La tenebra arretrò di alcuni metri.

E a quel punto, finalmente, Naurya gli sorrise con le labbra. Allungò un braccio e, prima che lui potesse rendersi conto di quello che stava per fare, lo colpì rapidamente in un certo punto del torace.

Il suo campo di inviolabilità si spense, la sua aureola si smorzò e la sua veste si afflosciò.

Lei gli fece un buffetto sulla guancia, come si fa ai bambini, e al tocco gentile delle sue mani Chulian sentì formicolare la pelle del viso.

— Addio, Piccolo Fratello Chulian — disse e scivolò oltre la porta fatiscente nella casa stregata.

In un batter di ciglia, la tenebra si ritrasse e scomparve. E dalla strada sopraggiunse correndo Cugino Deth.

— La vostra prigioniera! Dov’è? — chiese bruscamente a Chulian.

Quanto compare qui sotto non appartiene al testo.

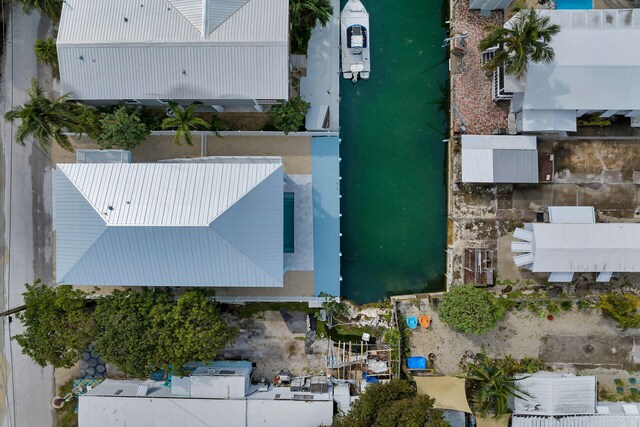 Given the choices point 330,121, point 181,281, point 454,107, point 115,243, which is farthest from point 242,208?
point 454,107

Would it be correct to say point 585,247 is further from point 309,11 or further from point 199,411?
point 199,411

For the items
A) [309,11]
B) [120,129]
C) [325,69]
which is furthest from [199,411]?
[309,11]

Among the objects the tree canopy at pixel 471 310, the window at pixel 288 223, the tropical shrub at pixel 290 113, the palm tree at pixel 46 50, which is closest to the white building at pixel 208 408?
the window at pixel 288 223

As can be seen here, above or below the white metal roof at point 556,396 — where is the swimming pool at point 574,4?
above

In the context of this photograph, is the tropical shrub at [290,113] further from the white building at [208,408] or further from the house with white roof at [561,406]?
the house with white roof at [561,406]

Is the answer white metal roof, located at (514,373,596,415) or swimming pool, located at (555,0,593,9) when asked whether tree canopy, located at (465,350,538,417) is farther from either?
swimming pool, located at (555,0,593,9)

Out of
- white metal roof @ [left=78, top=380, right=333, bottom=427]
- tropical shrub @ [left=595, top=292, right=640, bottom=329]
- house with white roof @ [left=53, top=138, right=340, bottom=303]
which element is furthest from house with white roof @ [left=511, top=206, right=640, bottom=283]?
house with white roof @ [left=53, top=138, right=340, bottom=303]

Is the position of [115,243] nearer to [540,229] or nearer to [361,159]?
[361,159]
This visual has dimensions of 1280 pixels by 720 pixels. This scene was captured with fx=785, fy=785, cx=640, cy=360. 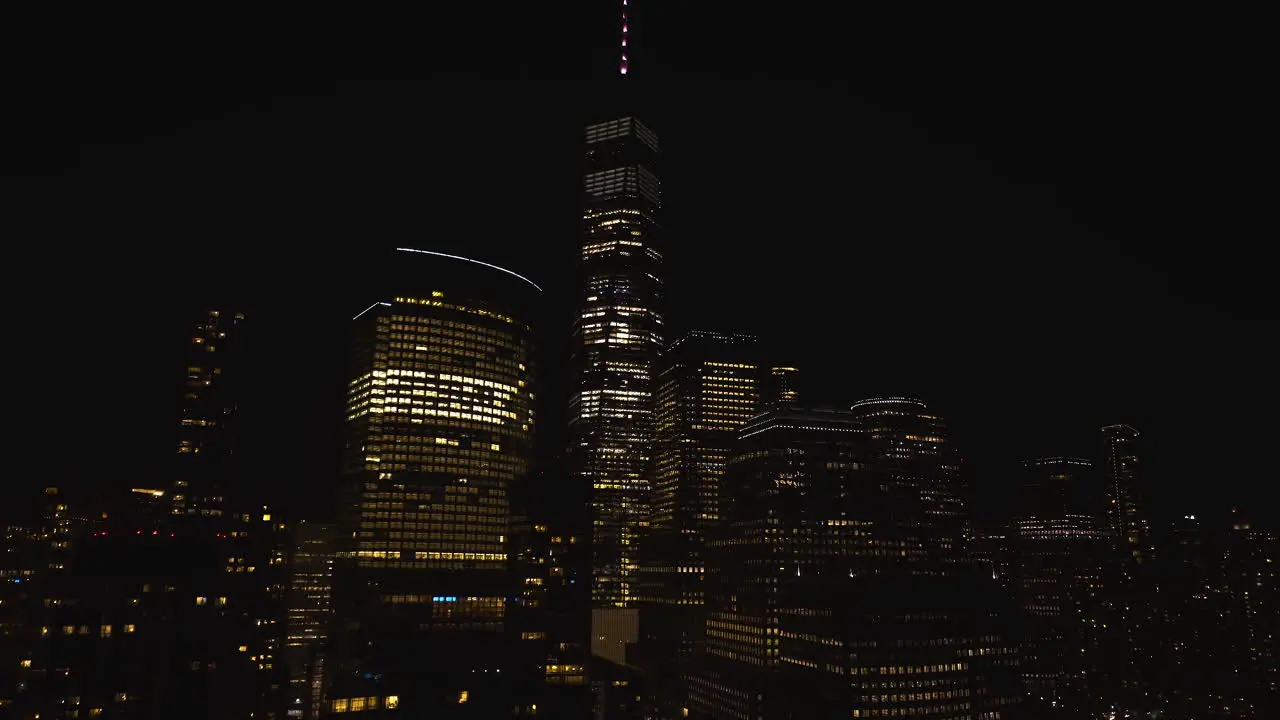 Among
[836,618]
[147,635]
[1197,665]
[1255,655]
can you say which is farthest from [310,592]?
[1255,655]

— Non l’hai vista? Quella tenebra spaventosa? — replicò Chulian con voce incerta.

Cugino Deth indietreggiò. — Non sapevo che voi preti aveste paura del buio.

Per un attimo, la sola cosa a cui Chulian riuscì a pensare fu che era stato insultato da un miserabile diacono.

— È entrata lì dentro — rispose con rabbia. — Se ti preme tanto, perché non la insegui tu stesso?

Cugino Deth si voltò verso la strada.

— Sveglia i cittadini! — urlò rivolto a qualcuno. — Fate un cordone intorno alla casa!

Poi si voltò di nuovo verso Chulian.

— Forse domani mi sarà chiesto di entrare in questo luogo per purificarlo dal male — disse. — E dal momento che la reverenza vostra si mostra così desiderosa di vedermi entrare, supplicherò che veniate nominato mio direttore spirituale, affinché possiate guidarmi.